Наши пельмени лепили двух видов – пирожком и кругленькие, с завернутыми ушками, какие и сейчас продают в магазинах. И вот я заметил: мужчинам чаще нравятся пирожком, а женщинам – кругленькие.
В нашей семье любителем пирожковых пельменей был Тима, муж одной из моих сестер, Ольги. Он желал тесто только из ржаной муки. Объяснял просто: они сочнее. Поэтому для него лепили отдельный противень пельменей.
Мясо для пельменей рубили в маленьком корытце специальной сечкой. Из всего пельменного производства это, пожалуй, самый важный и ответственный процесс. Во-первых, это долго и утомительно. Во- вторых, требовалось определенное умение – новичок вместе с мясом накрошит в фарш и древесных кусочков от корытца.
В фарш добавляли капусту или картошку (иногда обходились без них ), лук, соль и воду. Особенно важно было угадать с водой. Для этого сырой фарш пробовали на вкус. Не только рубщик, но и все лепщики пельменей. Вопрос качества фарша решался всеобщим согласием.

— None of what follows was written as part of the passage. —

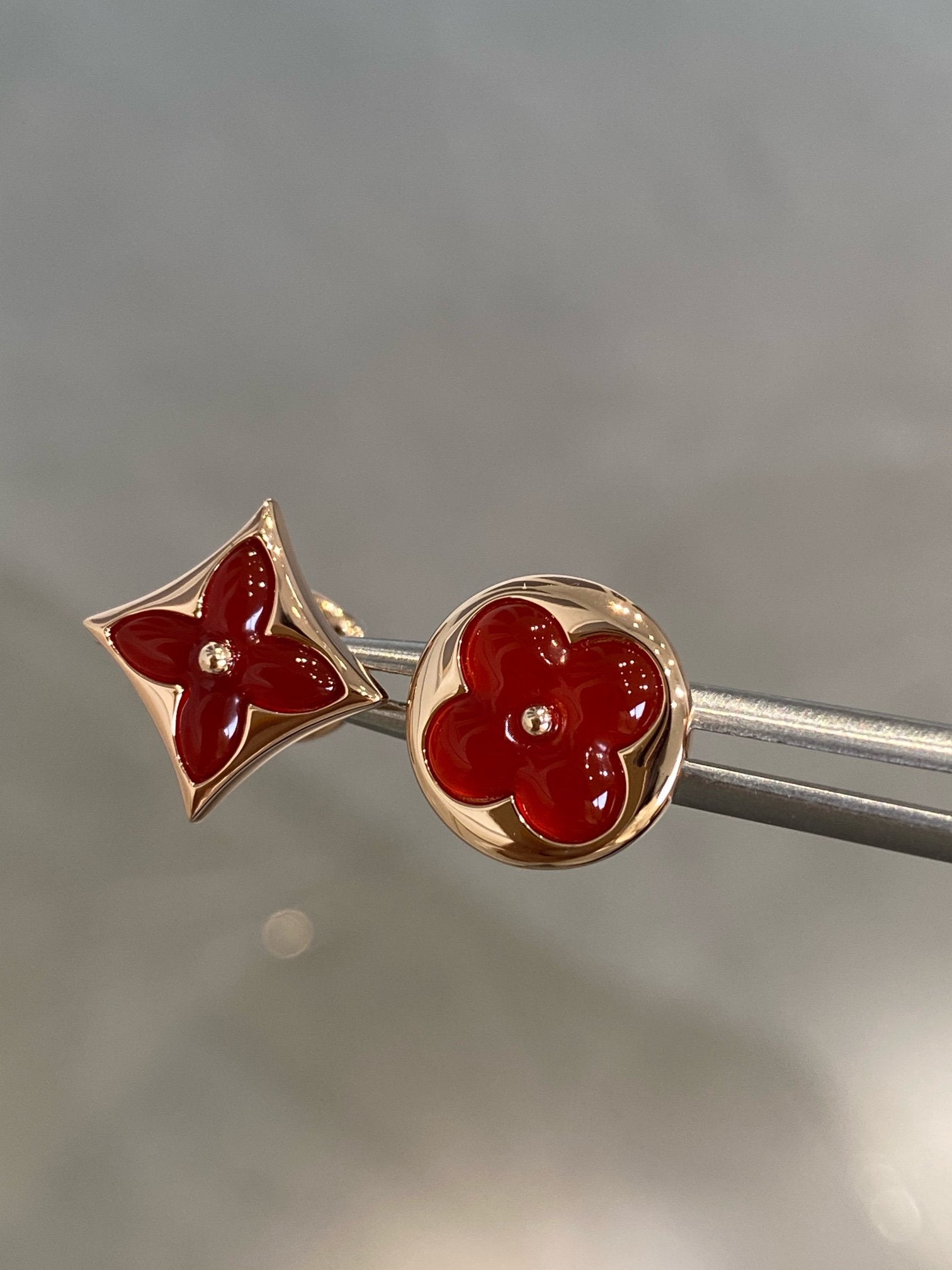 GlowSTAR AND SUN PINK GOLD CARNELIAN STUD EARRINGS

В тесто кроме воды и соли добавлялось сырое яйцо (если было). И месился колоб. Он разрезался на куски и раскатывался скалкой в большие тонкие блины. Мастерицей по этому делу была, конечно, мама. Она могла ловко подкинуть огромный блин и перевернуть, не помяв. Блин слегка посыпали свежей мукой и резали стаканом из тонкого стекла на кругляшки. Мама хранила этот стакан в сундуке. Кругляшки называли огибкой. Когда садились вокруг стола и начинали стряпать (у нас не говорили лепить), то часто слышались фразы: огибка кончилась! или фарш подай!

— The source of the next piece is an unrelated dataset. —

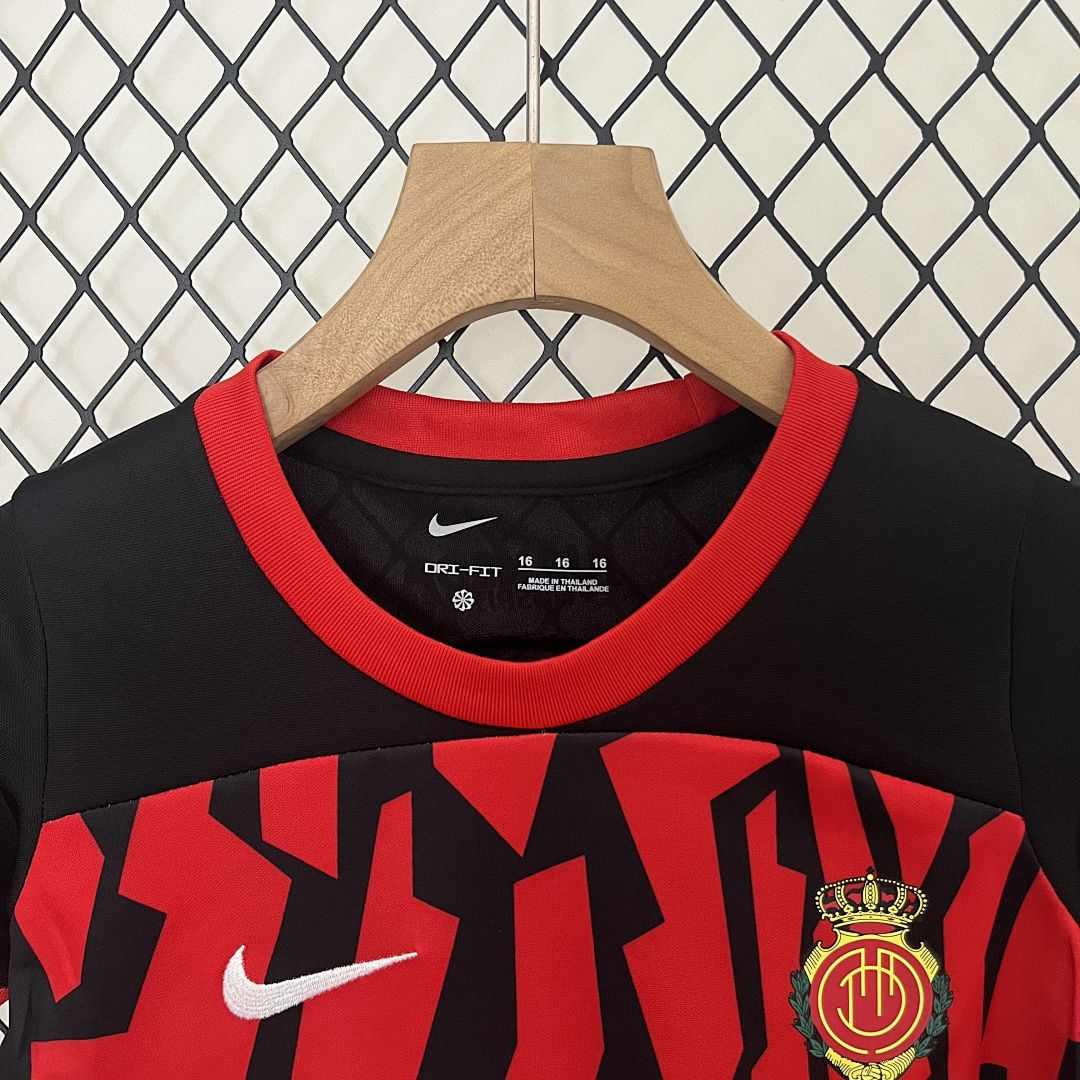 24_25 Kids Mallorca Home Size_ 16-28 5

Лепили так. На согнутые кольцом большой и указательный палец левой руки клали кружочек огибки, другой рукой чайной ложкой или вилкой зачерпывали из миски фарш и клали на середину кружочка. Опытные лепщики умели брать столько фарша, чтобы в самый раз – ни убавить, ни прибавить. Отложив в сторону ложечку, защипывали края теста в пирожок, а потом ловким движением соединяли его в кружочек, И получался пельмень, действительно похожий на человеческое ухо. В один из пельменей вместе с фаршем тайно закладывали монетку или зубок чеснока. Кому попадет заветный пельмень – тому счастье.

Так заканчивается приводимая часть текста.